Second, as I have noted elsewhere, in my opinion the person who ought to be most ashamed of his performance in this post-season (with the possible exception of the aforementioned Mr. Jurcina) is Steven Walkom, the NHL’s Director of Officiating. Seriously, what the hell is going on this year? There have been goals scored when the attacking team was offside. There have been goals disallowed because the official was “intending” to blow the whistle. The types of calls being made within games and from game-to-game vary so broadly and erratically that the referees have become nothing but a laughable source of frustration for the fans and players of every team.

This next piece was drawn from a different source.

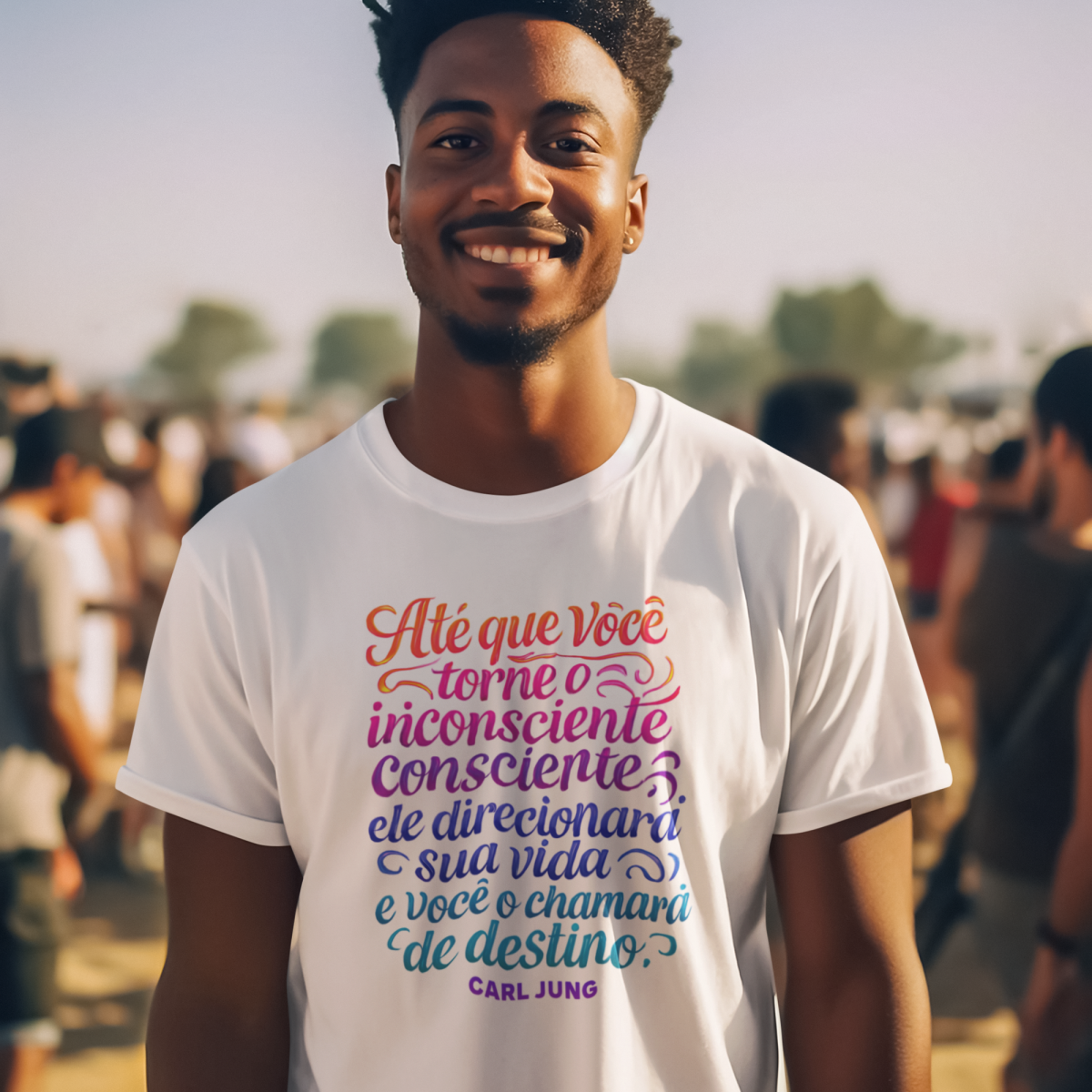 Nome do produto: T-Shirt Classic - Carl Jung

In what world was it fair for the referee to banish Kozlov for goaltender interference (please read, “being propelled into the goaltender by an opposition player”) with 3 minutes remaining in the third period of a tie game, and yet no call at all was made when a Philadelphia player (it may even have been Knuble, now that I think of it) steamrollered right over Huet in overtime? Bugger the fiction that it’s fair to “let the players decide” by putting the whistles away: that philosophy of officiating gives an advantage to a team that takes physical liberties with its opposition. If you can make it into overtime with a bunch of muggers and goons, your opposition is doomed because they don’t stand a chance of surviving the extra frame. This type of “situational ethics” is exactly the kind of thing that engenders suspicion of the officiating in general. If it’s a penalty in the first period, it’s a penalty in the second overtime. Call it, and call it the same for both teams. How hard is that to understand as a mission statement for the zebras?
Twenty-five minutes to game time now. I need to go run a couple of quick errands, then settle down in front of the tube. Ovechkin and Semin need to dominate early in this game, and the Caps need to score early and often. If they can win this one, who knows what might happen – but I suspect they are Dead Men Walking.